The girl, fascinated, saw the water curl and eddy and whiten about their knees; she saw it surge onward and rise about the hubs of the slow turning wheels. Higher it came and higher until the rushing sound of it filled her ears, the dark yellow flash of it filled her eyes and she sat breathless and rigid. … A quick glance showed her the man, Thornton, still above them on the bank of the stream. She noted that he had drawn a little closer to the water's edge.
They were half way across, fairly in midstream, and Hap Smith, utterly oblivious of his one passenger, cursing mightily, when the mishap came. The mad stream, rolling its rocks and boulders and jagged tree trunks, had gouged holes in the bank here and there and had digged similar holes in the uneven bed itself. Into such a hole the two horses on the lower side floundered, with no warning and with disastrous suddenness. Then went down, until only their heads were above the current. They lost all solid ground under their threshing hoofs and, as they rose a little, began to swim, flailing about desperately. Hap Smith yelled at them, yanked at his reins, seeking to turn them straight down stream for a spell until the hole be passed. But already another horse was in and engulfed, the wagon careened, was whipped about in the furious struggle, a wheel struck a submerged boulder and Hap Smith leaped one way while Winifred Waverly sprang the other as the awkward stage tipped and went on its side.

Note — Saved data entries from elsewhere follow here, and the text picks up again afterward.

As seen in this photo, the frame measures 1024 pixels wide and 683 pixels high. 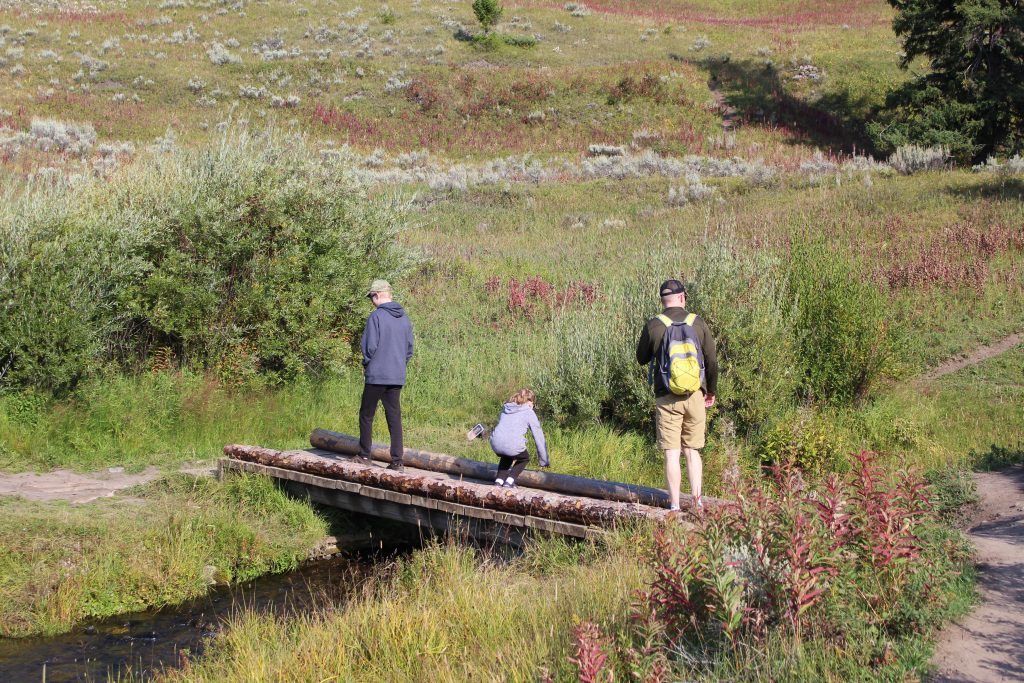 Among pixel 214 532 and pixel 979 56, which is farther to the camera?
pixel 979 56

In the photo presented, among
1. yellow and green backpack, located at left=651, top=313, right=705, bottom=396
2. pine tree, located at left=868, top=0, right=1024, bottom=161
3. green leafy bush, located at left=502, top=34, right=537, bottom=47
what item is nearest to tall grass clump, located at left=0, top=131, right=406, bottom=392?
yellow and green backpack, located at left=651, top=313, right=705, bottom=396

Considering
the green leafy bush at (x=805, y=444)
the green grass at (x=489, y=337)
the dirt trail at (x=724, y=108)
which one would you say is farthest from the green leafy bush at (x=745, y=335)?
the dirt trail at (x=724, y=108)

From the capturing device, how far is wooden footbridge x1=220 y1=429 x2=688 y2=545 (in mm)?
8539

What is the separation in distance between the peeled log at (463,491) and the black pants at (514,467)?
24 cm

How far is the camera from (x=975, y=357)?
48.8 feet

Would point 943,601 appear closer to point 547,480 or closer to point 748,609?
point 748,609

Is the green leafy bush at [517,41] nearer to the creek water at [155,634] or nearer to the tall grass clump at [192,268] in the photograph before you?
the tall grass clump at [192,268]

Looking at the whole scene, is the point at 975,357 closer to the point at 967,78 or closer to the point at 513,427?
the point at 513,427

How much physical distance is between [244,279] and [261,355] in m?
1.14

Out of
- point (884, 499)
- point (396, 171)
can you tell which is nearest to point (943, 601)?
point (884, 499)

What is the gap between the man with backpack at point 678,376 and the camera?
7641 millimetres

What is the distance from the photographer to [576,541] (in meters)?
8.52

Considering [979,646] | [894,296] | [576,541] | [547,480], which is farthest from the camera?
[894,296]

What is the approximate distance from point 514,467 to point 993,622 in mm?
4971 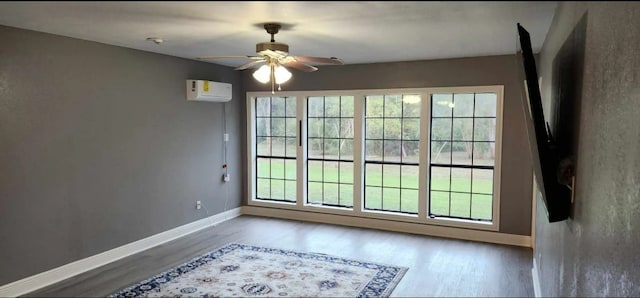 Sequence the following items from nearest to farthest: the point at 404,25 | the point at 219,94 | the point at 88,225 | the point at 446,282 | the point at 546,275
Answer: the point at 546,275 → the point at 404,25 → the point at 446,282 → the point at 88,225 → the point at 219,94

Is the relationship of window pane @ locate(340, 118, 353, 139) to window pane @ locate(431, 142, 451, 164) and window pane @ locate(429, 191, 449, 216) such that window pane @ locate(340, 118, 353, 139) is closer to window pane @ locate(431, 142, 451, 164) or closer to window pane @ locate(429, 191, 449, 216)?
window pane @ locate(431, 142, 451, 164)

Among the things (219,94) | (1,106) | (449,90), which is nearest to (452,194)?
(449,90)

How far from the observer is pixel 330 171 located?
6414 mm

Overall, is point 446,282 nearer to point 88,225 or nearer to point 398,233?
point 398,233

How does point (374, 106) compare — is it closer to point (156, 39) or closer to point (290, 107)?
point (290, 107)

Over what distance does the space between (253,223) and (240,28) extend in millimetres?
3441

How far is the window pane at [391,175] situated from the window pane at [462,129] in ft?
3.05

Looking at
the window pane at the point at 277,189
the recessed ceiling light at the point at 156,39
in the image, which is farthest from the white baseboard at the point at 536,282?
the recessed ceiling light at the point at 156,39

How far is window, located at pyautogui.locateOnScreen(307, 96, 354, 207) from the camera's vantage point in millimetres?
6230

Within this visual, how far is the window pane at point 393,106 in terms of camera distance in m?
5.86

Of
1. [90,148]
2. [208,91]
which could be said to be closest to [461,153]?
[208,91]

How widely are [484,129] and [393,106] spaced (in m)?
1.24

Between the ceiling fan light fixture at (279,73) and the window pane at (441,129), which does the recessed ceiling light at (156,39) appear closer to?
the ceiling fan light fixture at (279,73)

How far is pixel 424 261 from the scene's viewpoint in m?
4.56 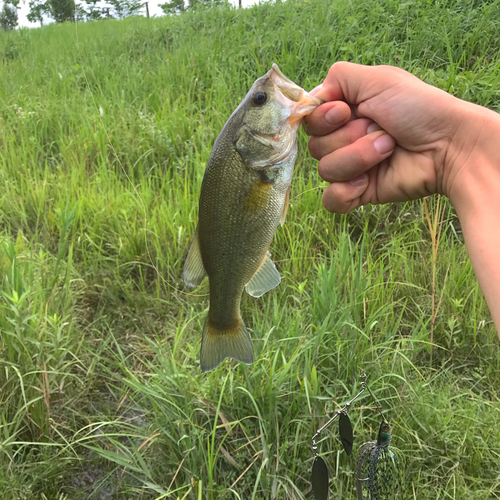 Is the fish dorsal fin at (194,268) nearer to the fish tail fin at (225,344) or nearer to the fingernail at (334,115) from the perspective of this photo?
the fish tail fin at (225,344)

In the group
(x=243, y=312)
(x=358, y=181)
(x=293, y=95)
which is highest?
(x=293, y=95)

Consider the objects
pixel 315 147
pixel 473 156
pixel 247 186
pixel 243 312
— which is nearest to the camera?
pixel 247 186

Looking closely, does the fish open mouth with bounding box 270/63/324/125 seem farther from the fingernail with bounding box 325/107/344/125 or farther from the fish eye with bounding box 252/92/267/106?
the fingernail with bounding box 325/107/344/125

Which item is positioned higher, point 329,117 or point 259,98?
point 259,98

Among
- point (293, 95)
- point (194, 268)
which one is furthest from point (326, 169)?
point (194, 268)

She knew on the instant that one had no chance to swim here, no matter how strong the swimmer. For the current was stronger than the mere strength of a human being. She knew that if Hap Smith clung tight to his reins he might be pulled ashore in due time, if all went well for him. She knew that Winifred Waverly had never been in such desperate straits. And finally she understood, and the knowledge was infinitely sweet to her in her moment of need, why the man yonder had been sitting his horse so idly in the rain, and just why he had been waiting.

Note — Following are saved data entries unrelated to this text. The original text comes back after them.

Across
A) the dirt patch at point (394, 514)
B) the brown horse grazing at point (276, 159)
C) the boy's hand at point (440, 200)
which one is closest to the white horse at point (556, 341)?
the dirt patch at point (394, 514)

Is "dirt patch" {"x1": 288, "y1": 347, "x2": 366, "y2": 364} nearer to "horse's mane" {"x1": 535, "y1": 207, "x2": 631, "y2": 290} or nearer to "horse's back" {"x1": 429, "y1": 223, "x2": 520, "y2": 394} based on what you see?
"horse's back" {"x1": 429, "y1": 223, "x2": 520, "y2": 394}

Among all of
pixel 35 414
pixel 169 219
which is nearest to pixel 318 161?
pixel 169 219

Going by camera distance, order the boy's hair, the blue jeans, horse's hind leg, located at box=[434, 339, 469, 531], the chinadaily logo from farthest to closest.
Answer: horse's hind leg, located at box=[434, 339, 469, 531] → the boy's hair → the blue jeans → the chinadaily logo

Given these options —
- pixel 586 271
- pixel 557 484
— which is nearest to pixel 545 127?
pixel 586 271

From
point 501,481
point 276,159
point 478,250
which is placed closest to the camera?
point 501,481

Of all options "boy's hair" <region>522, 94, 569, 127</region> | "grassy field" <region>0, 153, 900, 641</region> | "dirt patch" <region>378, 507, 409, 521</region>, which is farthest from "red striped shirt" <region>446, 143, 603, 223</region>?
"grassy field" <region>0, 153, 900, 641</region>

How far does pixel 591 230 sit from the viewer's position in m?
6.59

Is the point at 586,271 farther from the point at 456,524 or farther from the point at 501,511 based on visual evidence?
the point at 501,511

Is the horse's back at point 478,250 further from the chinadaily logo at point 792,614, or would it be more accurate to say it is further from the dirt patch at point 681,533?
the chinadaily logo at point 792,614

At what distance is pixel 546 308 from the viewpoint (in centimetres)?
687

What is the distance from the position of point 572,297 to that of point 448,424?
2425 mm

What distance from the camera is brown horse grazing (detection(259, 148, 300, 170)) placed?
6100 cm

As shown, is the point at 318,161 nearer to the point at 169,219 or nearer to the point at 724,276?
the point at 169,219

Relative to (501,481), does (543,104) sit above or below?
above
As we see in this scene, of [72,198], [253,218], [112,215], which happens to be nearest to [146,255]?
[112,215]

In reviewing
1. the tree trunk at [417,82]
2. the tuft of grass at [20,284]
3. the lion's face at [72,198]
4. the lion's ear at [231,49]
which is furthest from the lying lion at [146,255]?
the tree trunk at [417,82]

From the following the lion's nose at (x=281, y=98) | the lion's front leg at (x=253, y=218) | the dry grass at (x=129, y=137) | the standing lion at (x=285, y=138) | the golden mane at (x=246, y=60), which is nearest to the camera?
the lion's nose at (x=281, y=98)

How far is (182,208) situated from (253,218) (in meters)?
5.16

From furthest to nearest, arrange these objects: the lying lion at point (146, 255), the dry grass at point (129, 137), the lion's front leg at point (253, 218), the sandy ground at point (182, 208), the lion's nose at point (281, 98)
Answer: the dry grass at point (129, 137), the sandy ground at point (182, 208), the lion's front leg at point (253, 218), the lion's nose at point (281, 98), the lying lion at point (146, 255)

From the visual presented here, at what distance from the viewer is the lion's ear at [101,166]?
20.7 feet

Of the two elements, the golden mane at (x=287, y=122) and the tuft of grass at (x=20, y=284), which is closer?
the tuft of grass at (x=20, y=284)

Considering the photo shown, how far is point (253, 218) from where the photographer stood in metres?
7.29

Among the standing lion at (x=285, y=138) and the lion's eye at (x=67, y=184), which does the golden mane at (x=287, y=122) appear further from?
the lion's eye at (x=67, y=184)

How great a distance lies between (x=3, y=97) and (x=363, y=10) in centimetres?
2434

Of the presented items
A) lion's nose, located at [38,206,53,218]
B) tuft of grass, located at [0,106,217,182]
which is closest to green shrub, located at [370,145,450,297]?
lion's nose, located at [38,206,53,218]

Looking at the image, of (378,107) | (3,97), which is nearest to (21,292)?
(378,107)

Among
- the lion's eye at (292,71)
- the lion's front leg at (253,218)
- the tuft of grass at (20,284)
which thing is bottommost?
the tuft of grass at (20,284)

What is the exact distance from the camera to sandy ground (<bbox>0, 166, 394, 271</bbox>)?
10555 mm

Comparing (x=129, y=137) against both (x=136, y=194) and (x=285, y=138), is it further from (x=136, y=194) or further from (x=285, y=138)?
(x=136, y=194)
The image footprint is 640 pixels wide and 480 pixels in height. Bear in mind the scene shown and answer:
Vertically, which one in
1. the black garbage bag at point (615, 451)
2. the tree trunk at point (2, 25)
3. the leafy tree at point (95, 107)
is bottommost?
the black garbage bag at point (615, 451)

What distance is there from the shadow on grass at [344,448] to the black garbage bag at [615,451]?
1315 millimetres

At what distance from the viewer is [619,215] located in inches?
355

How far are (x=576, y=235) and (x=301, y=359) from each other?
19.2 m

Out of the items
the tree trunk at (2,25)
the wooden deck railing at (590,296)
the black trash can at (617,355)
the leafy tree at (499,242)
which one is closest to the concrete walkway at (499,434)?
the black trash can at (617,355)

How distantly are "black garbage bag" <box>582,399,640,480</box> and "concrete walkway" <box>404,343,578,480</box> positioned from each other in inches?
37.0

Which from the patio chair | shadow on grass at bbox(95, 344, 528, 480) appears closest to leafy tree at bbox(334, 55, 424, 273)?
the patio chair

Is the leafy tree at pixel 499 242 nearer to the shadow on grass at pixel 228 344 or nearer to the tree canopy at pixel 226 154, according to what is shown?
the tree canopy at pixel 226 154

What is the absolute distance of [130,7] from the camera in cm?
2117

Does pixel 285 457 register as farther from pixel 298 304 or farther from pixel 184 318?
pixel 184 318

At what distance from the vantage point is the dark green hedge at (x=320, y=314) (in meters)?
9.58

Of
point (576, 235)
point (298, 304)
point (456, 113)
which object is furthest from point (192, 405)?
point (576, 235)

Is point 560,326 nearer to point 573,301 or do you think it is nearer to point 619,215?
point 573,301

She did not see him as his horse, striking out valiantly, swimming and finding precarious foothold by turns, bore down upon her; she saw only the yellow, dirty current when she saw anything at all. She could not know when, the first time, he leaned far out and snatched at her … and missed. For at the moment a sucking maelstrom had caught her and whipped her out of his reach and flung her onward, for a little piling the churning water above her head. She did not see when finally he succeeded in that which he had attempted. But she felt his two arms about her and in her heart there was a sudden glow and, though the water battled with the two of them, strangely enough a feeling of safety.
Perhaps it was only because he had planned on the possibility of just this and was ready for it that she came out of Alder Creek alive. He had slipped the loop of his rope about the horn of his saddle, making it secure with an additional half hitch; when he was sure of her he flung himself from the saddle, still keeping the rope in his hand as he took her into his arms. Then, swimming as best he could, seeking to keep her head and his above the water, he left the rest to a certain rangy, yellow-sorrel saddle horse. And as Hap Smith and his struggling team made shore just below the ford, Buck Thornton and Winifred Waverly were drawn to safety by Buck Thornton's horse.
Just as there had been no spoken thanks last night for a kindness rendered, so now on this larger occasion there was no gush of grateful words. He released her slowly and their eyes met. As he turned to help Hap Smith with the frightened horses entangled in their harness, the only words were his:
"A couple of miles farther on you'll pass a ranch house. You can get warm and dry your clothes there. This is the last bad crossing."
And so, lifting his hat, he left her.